* _Exercise_
Copy the records below word for word, from the first line through the line that contains "Equipment for measuring", and leave out any pictures.

* _Caption-style text data_
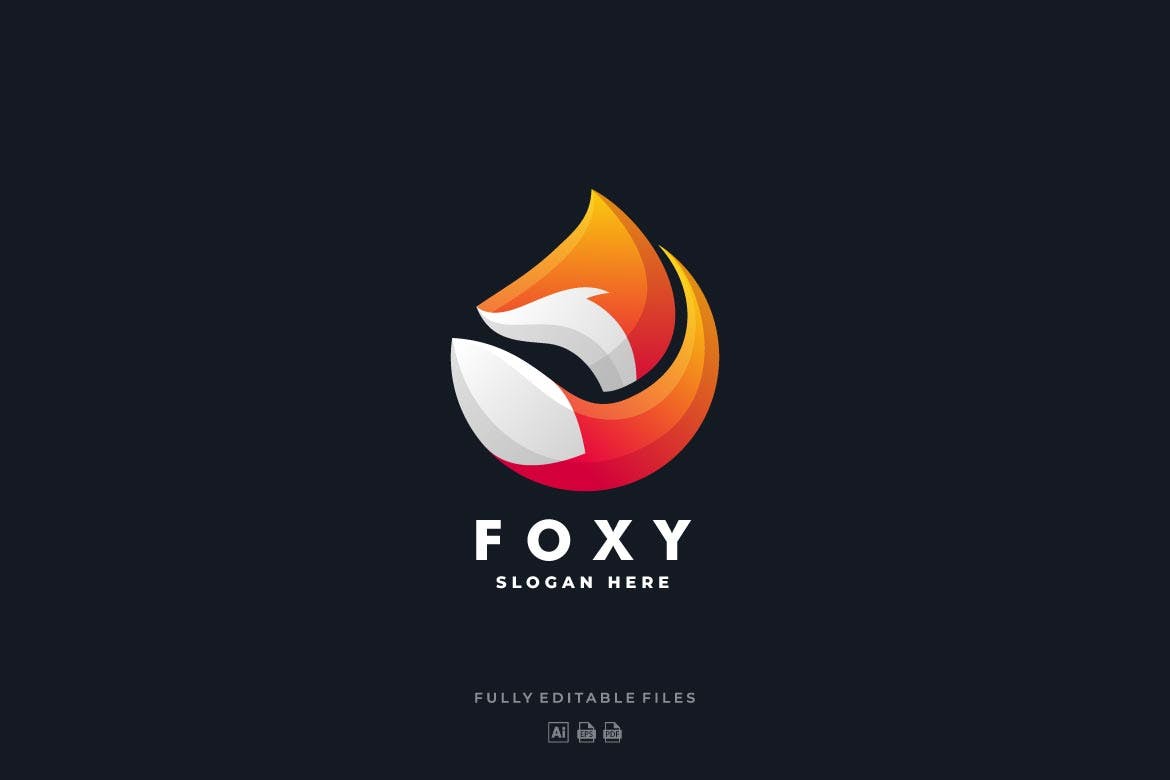 A colorful fox logo template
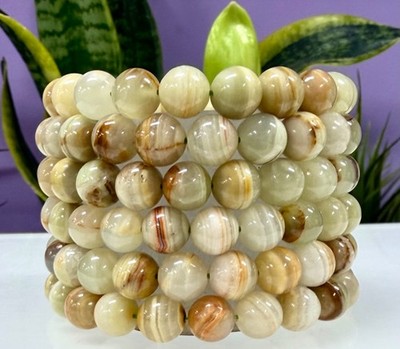 Wholesale Lot 6 Pcs Natural Green Onyx 10mm 8 Crystal Stretch Bracelet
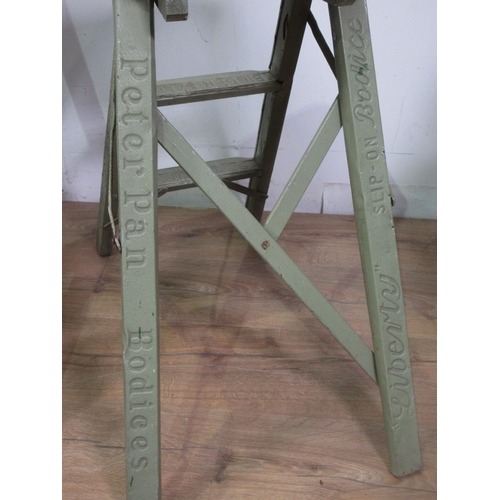 57 - A green painted 'Liberty Slip-on Bodices' set of Steps and a Simplex set of Step Ladders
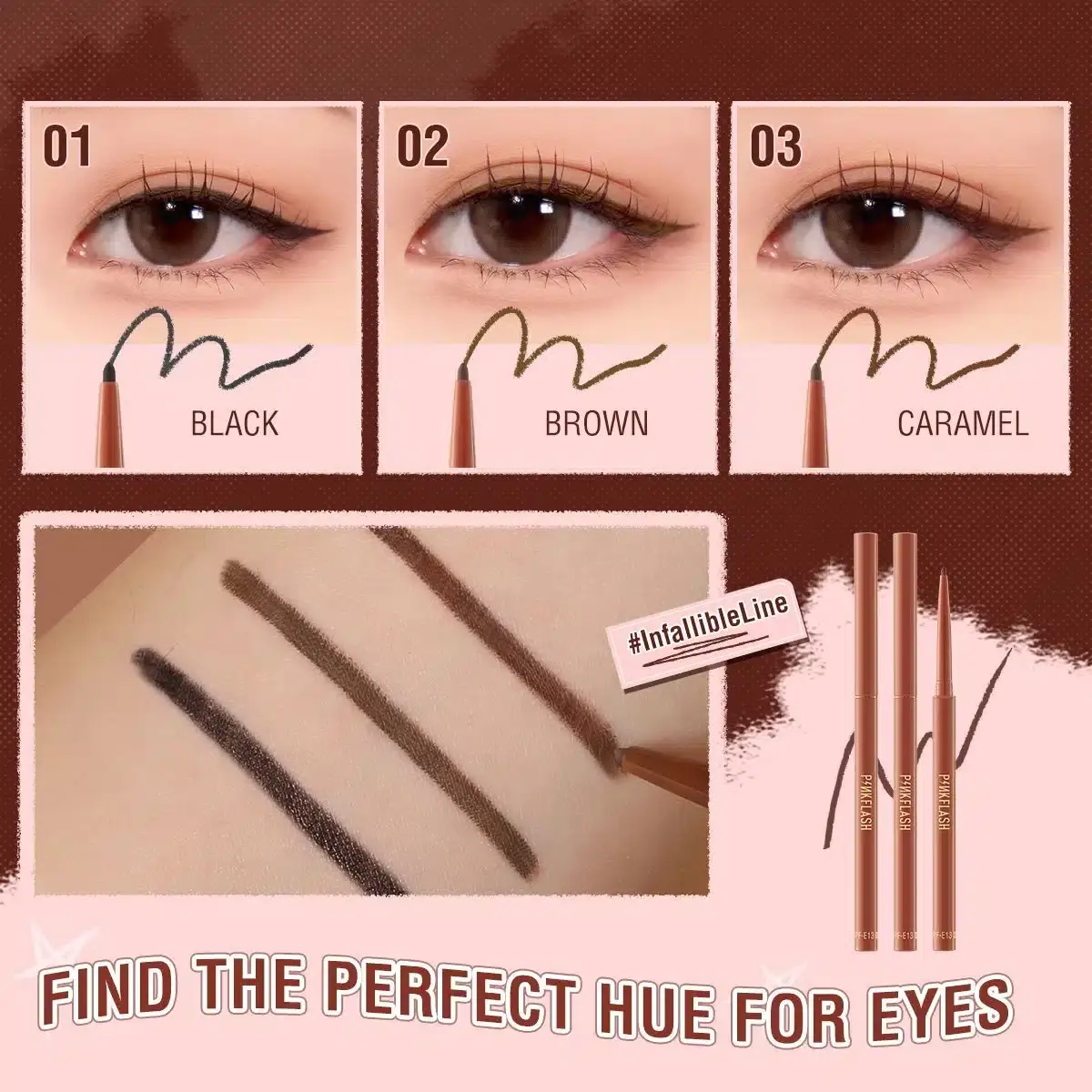 Pink Flash Pro Touch Eyeliner E13 brown pencil lying flat, showcasing brand logo and details. - thumbnail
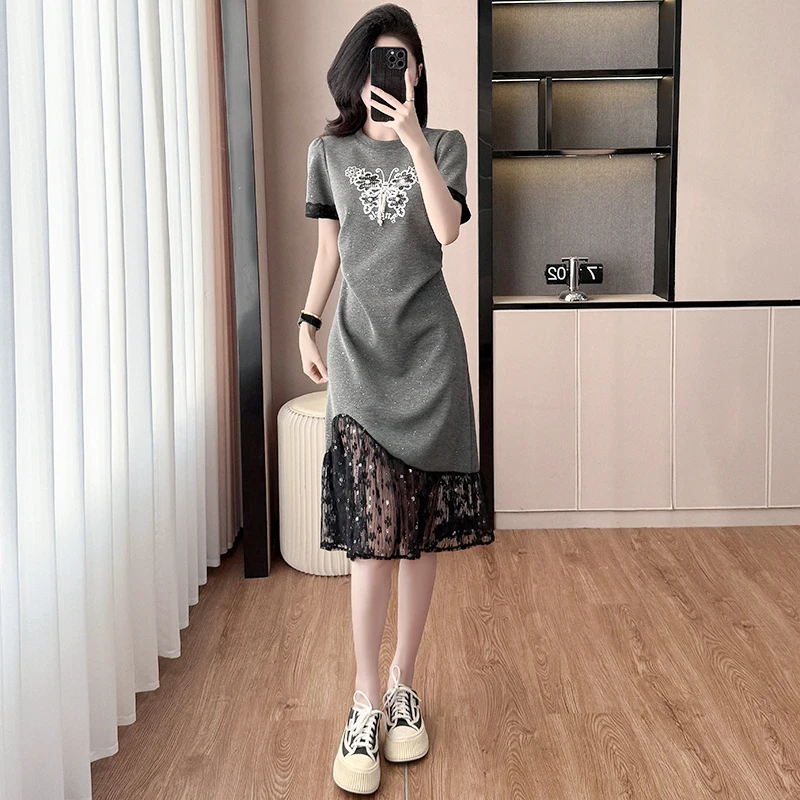 YZJNH 2026 summer new dress women's Korean version round neck short sleeved dress with lace hem patchwork plus size dress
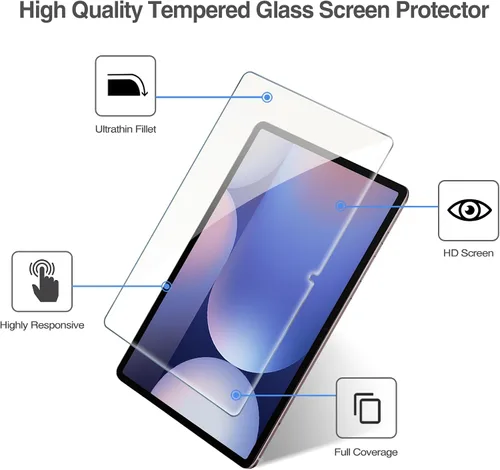 Vista 3 de ProCase 1 protector de pantalla para Galaxy Tab S10 Plus 2024/Tab S9 FE Plus/S9 Plus/S8 Plus/S7 FE/S7 Plus 12.4 pulgadas 2023, protector de película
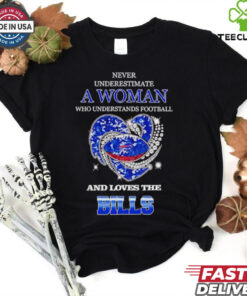 Never underestimate a woman who understands football and loves the Buffalo Bills rhinestone heart 2024 shirt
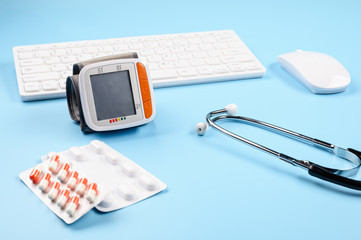 Equipment for measuring blood pressure. The workspace of the doctor.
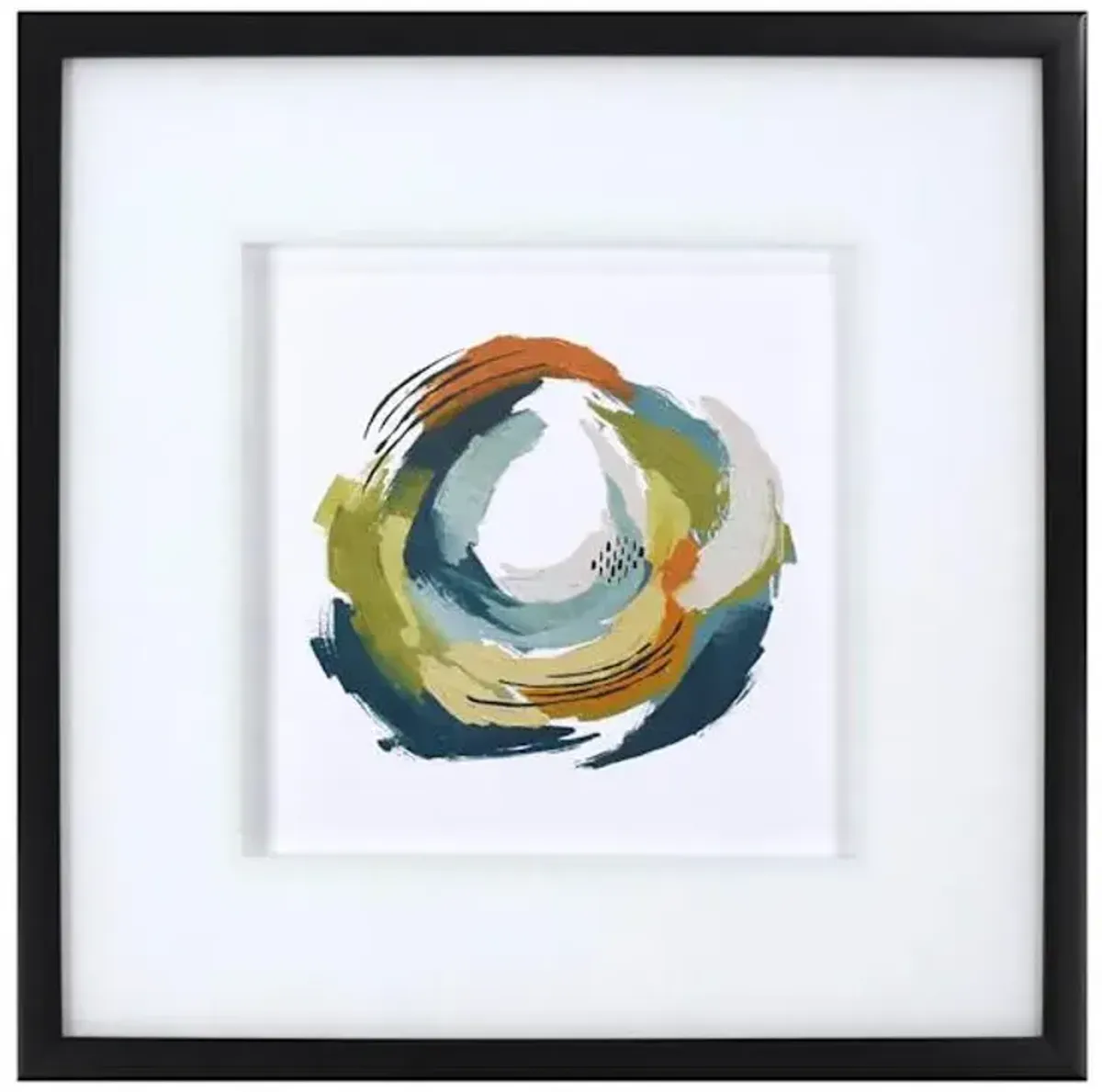 Glass Framed Colorful Abstract Print Wall Art, 17"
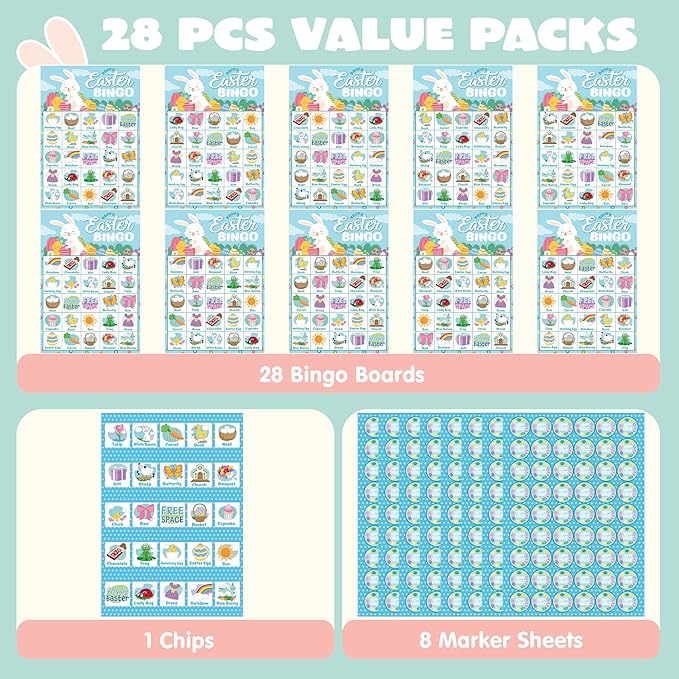 JOYIN 28 Players Easter Bingo Card (5x5) with Blue Color for Kids, Boys, Girls and Adults, Easter Games, School Classroom Activities and Easter Basket Stuffers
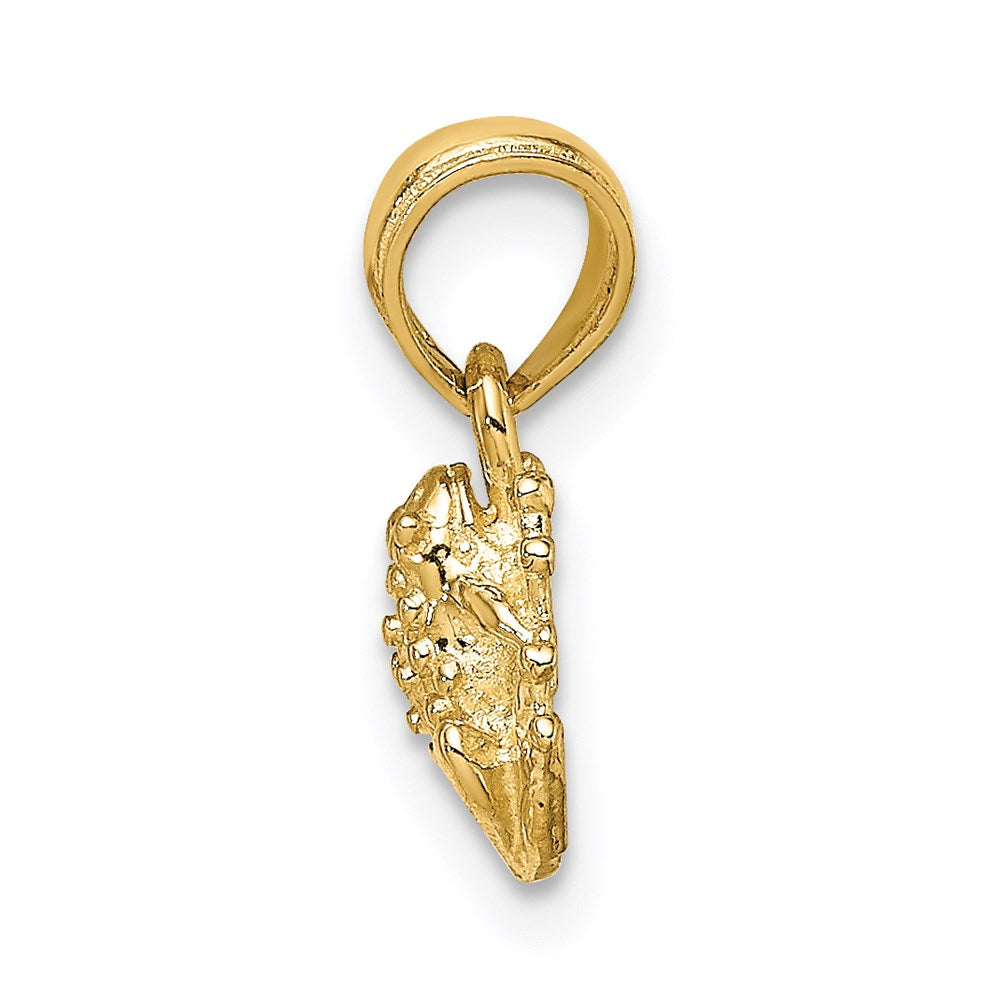 14K 2-D Textured Miniature Frog Charm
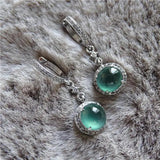 Green Chalcedony Earrings with Diamonds, Silver Jewelry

* _Solution to the problem_
 A colorful fox logo template
 Wholesale Lot 6 Pcs Natural Green Onyx 10mm 8 Crystal Stretch Bracelet
 57 - A green painted 'Liberty Slip-on Bodices' set of Steps and a Simplex set of Step Ladders
 Pink Flash Pro Touch Eyeliner E13 brown pencil lying flat, showcasing brand logo and details. - thumbnail
 YZJNH 2026 summer new dress women's Korean version round neck short sleeved dress with lace hem patchwork plus size dress
 Vista 3 de ProCase 1 protector de pantalla para Galaxy Tab S10 Plus 2024/Tab S9 FE Plus/S9 Plus/S8 Plus/S7 FE/S7 Plus 12.4 pulgadas 2023, protector de película
 Never underestimate a woman who understands football and loves the Buffalo Bills rhinestone heart 2024 shirt
 Equipment for measuring blood pressure. The workspace of the doctor.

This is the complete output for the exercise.